Why did Fujian decrease its difference over time? Comparing to the comparison of city scale, the government focuses on cities because the war between the Qing and Zheng had become locally. This fully explains why a lot of cities, towns, and villages appeared in the second volume. As a result, either Chinese or Manchu recorded the similar tendency because they were probably written based on the same sources.
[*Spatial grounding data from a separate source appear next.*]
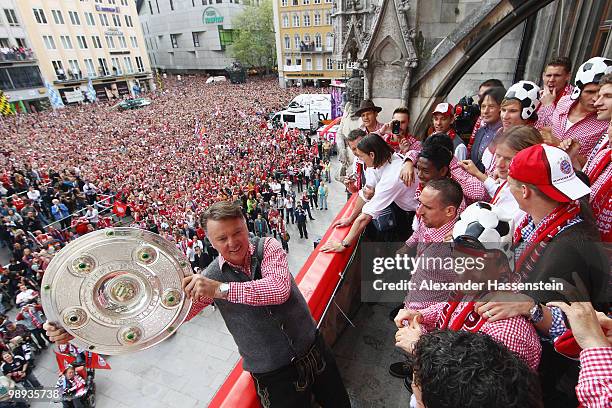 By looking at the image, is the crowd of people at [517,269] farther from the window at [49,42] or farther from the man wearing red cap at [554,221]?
the window at [49,42]

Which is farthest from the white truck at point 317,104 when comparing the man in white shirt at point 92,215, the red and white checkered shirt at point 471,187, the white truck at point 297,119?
the red and white checkered shirt at point 471,187

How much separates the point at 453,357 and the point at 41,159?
83.5ft

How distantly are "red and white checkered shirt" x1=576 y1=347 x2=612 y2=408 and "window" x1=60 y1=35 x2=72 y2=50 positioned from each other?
180 ft

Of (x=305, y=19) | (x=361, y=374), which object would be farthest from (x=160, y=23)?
(x=361, y=374)

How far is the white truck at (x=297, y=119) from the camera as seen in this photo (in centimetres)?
2771

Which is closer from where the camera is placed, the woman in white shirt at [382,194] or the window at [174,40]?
the woman in white shirt at [382,194]

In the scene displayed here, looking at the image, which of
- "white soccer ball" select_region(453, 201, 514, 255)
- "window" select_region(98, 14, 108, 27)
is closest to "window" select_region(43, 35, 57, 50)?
"window" select_region(98, 14, 108, 27)

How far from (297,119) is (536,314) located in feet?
89.8

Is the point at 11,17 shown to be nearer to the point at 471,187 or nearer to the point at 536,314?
the point at 471,187

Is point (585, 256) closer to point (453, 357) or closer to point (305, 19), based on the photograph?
point (453, 357)

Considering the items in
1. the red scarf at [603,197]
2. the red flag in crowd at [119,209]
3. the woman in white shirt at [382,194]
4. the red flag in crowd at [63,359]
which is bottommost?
the red flag in crowd at [63,359]

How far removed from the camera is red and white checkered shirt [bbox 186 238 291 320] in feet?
6.26

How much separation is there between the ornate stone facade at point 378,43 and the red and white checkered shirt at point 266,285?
422cm

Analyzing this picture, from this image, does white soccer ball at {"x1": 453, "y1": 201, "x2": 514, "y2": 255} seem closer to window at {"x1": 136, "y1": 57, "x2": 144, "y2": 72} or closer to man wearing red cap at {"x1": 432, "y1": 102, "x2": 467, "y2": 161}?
man wearing red cap at {"x1": 432, "y1": 102, "x2": 467, "y2": 161} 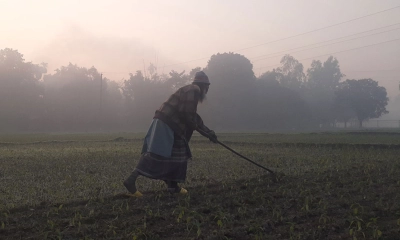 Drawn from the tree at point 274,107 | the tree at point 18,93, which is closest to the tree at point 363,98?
the tree at point 274,107

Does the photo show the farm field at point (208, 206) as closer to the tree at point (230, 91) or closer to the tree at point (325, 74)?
the tree at point (230, 91)

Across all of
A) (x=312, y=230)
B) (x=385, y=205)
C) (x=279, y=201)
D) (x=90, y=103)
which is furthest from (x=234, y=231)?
(x=90, y=103)

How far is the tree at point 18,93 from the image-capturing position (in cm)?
5562

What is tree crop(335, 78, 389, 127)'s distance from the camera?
85625mm

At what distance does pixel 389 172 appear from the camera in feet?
30.8

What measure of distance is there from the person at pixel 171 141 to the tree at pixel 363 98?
275 ft

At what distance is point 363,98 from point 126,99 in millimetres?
50575

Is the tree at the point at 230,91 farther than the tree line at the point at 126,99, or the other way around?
the tree at the point at 230,91

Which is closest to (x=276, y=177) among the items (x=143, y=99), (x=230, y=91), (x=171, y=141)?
(x=171, y=141)

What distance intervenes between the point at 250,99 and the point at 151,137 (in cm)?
6238

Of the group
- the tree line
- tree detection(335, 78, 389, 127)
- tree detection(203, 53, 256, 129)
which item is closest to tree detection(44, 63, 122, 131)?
the tree line

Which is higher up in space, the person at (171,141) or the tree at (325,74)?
the tree at (325,74)

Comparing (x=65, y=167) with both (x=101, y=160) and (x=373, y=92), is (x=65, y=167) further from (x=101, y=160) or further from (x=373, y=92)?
(x=373, y=92)

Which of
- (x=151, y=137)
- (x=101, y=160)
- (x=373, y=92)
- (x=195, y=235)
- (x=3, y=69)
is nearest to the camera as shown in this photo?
(x=195, y=235) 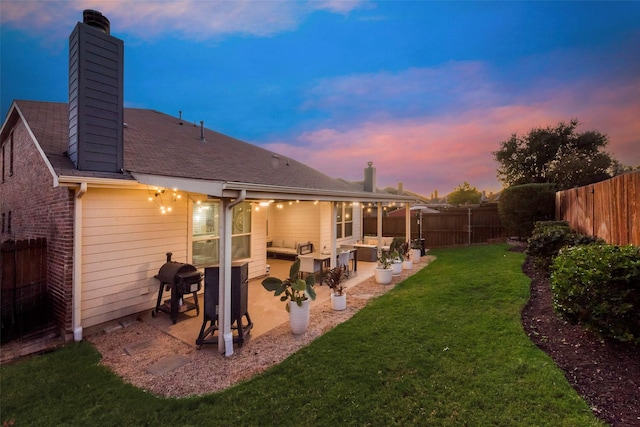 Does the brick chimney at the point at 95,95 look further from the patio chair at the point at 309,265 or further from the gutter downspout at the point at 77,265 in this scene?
the patio chair at the point at 309,265

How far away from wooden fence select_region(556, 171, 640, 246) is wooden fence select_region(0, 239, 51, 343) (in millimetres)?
10430

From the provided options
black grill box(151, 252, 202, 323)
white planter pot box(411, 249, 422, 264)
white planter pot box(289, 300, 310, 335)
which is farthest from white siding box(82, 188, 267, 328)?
white planter pot box(411, 249, 422, 264)

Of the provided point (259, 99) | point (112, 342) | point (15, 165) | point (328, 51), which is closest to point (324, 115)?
point (328, 51)

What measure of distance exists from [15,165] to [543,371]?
11.7m

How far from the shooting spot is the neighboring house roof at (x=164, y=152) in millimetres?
5444

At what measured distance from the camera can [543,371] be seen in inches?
123

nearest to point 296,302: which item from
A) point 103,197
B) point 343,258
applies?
point 343,258

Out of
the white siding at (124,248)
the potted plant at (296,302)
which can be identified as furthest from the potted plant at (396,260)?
the white siding at (124,248)

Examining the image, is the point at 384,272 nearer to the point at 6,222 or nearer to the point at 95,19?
the point at 95,19

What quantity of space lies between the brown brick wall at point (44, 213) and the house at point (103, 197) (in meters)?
0.02

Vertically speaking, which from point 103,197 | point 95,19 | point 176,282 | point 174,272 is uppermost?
point 95,19

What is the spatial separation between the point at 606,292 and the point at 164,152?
9.04m

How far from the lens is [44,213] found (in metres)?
5.39

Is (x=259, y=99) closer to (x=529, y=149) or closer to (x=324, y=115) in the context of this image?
(x=324, y=115) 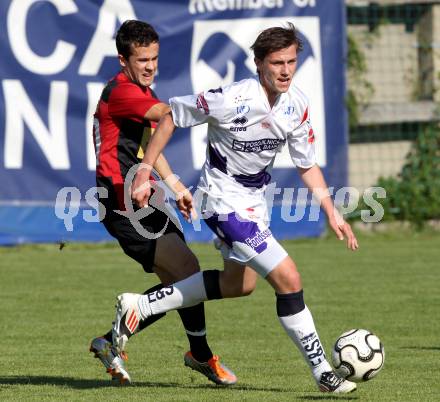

According to the analyses, a lot of differences are obvious. For example, Manchu people are more frequently mentioned in Manchu version; by contrast, Han Chinese are more frequently mentioned in Chinese version. Additionally, by analyzing Dunning’s log-likehood and tf-idf, the six overlapping places in all three volume suggests that the importance of places change over time. Although the two versions are basically similar in their structures and archives, they are significantly different. Consequently, the Manchu and Chinese versions are not translated from each other. After comparing three major proper nouns– place, person, and position, it suggests that the Manchu version is more precise than Chinese.